Eckley B. Coxe était né à Philadelphie le 4 juin 1839. Après des études à l'Université de cette ville, il se rendit en Europe, où il suivit les cours de l'École des Mines, à Paris. Il étudia aussi quelque temps à l'École des Mines de Freiberg, en Saxe. La grande fortune de ses parents ne ralentit jamais son zèle pour le travail. C'est ainsi qu'il publia une traduction anglaise du traité de mécanique du professeur Weisbach. De retour aux États-Unis, il commença, avec ses frères, l'exploitation de l'anthracite dans le district de Lehigh, sur une propriété de leur famille. Celte exploitation se développa jusqu'à devenir la plus importante exploitation d'Amérique restée entre les mains de ses propriétaires. Tous les détails de l'exploitation et de la préparation de l'anthracite étaient étudiés avec le plus grand soin à Drifton, dont les établissements étaient de véritables modèles. On sait que la préparation de l'anthracite, en Pensylvanie, est très minutieuse: le combustible est classé en de nombreuses séries dont les morceaux sont de grosseur uniforme et soigneusement séparés des schistes ; cette préparation exige des ateliers immenses, munis d'une machinerie compliquée. Plusieurs appareils spéciaux, notamment une table à secousses, fort ingénieuse, sont dus à E. B. Coxe. Un atelier de construction, établi à Drifton pour le service des exploitations, exécutait aussi des types d'appareils destinés à la combustion des anthracites, notamment les grilles spéciales pour les menus difficiles à brûler dans les foyers ordinaires.
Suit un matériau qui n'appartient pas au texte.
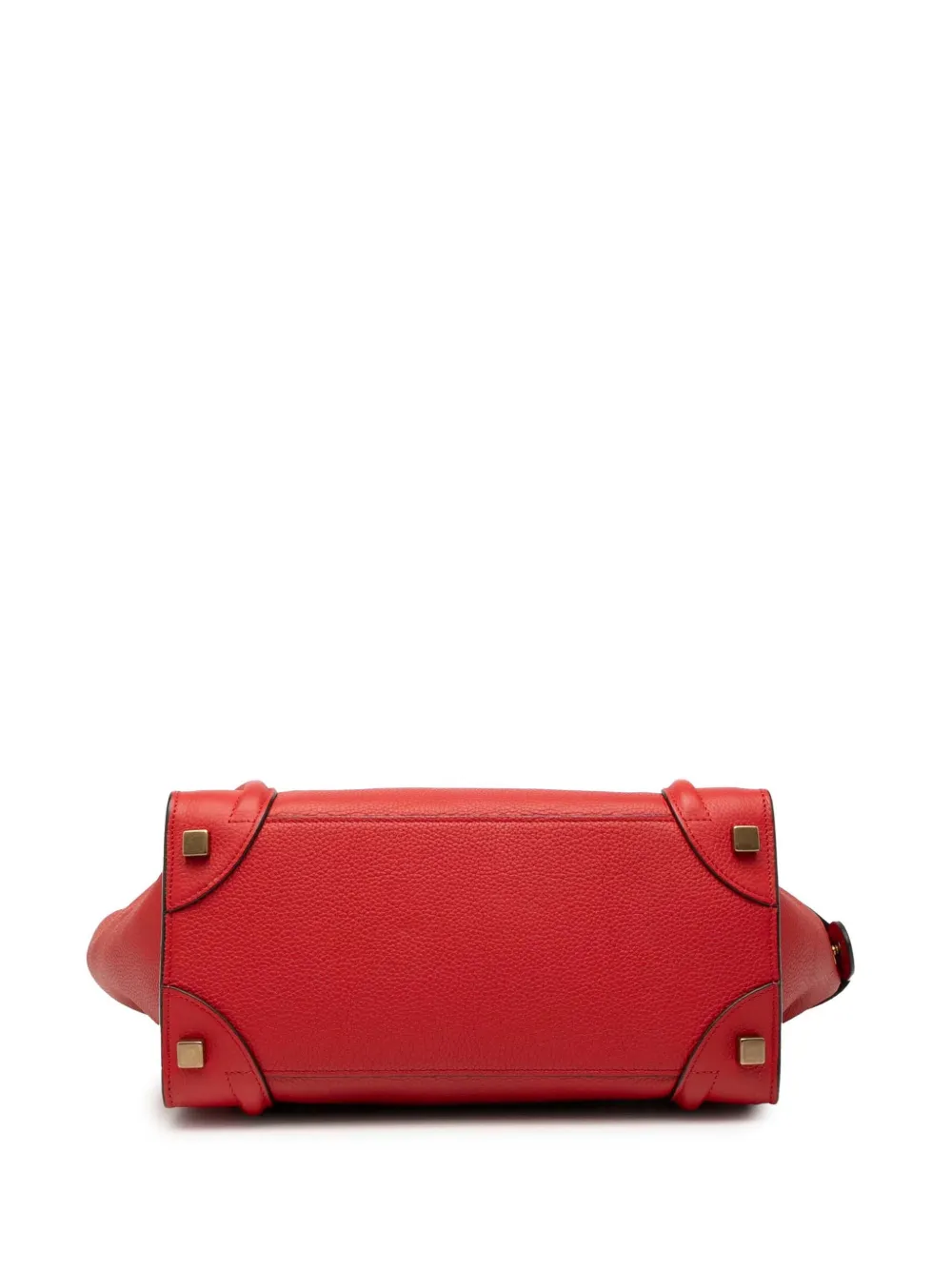 CELINE Pre-owned 2014 Micro Calfskin Luggage Tote Handbag In Red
En 1871, il fut un des principaux organisateurs de l'Institut américain des ingénieurs des Mines, dont il fut pendant de longues périodes vice-président ou président. Il fut aussi président, en 1893. de la Société des ingénieurs mécaniciens d'Amérique.

Toujours préoccupé du développement de l'instruction dans son pays, bien convaincu de l'importance des établissements scientifiques et techniques qu'il avait appréciés en Europe, il fut pendant longtemps, et jusqu'à sa mort, administrateur de l'Université de Lehigh : pour bien remplir ces fonctions, il ne ménagea ni son temps, ni sa peine, ni son argent. L'éducation technique élémentaire le préoccupait également, et il avait installé à Drifton, pour ses ouvriers, une école professionnelle. Dans un concours récemment ouvert à Washington pour les postes d'inspecteurs des Mines, les deux candidats choisis étaient élèves de cette école professionnelle.

Eckley B. Coxe habitait une maison simple au milieu de ses mines ; marié depuis longtemps, il n'avait pas d'enfants. Plusieurs membres de sa famille habitaient dans le voisinage, qu'il ne quittait guère que pour des voyages de courte durée : cependant ses amis de France l'ont vu à Paris en 1889.

Indisposé depuis quelques mois, une fluxion de poitrine l'emporta le 13 mai 1895. Il était membre de l'Eglise protestante épiscopale. Les obsèques eurent lieu au milieu de la foule émue de ses ouvriers et de ses amis. Son corps repose dans le cimetière de Drifton.

Tous les élèves de l'École des Mines s'associent aux regrets que laisse la mort prématurée de l'homme de bien, de l'éminent ingénieur qui avait toujours témoigné tant d'affection et de reconnaissance envers l'établissement où il avait reçu l'enseignement technique dont il avait si bien profité.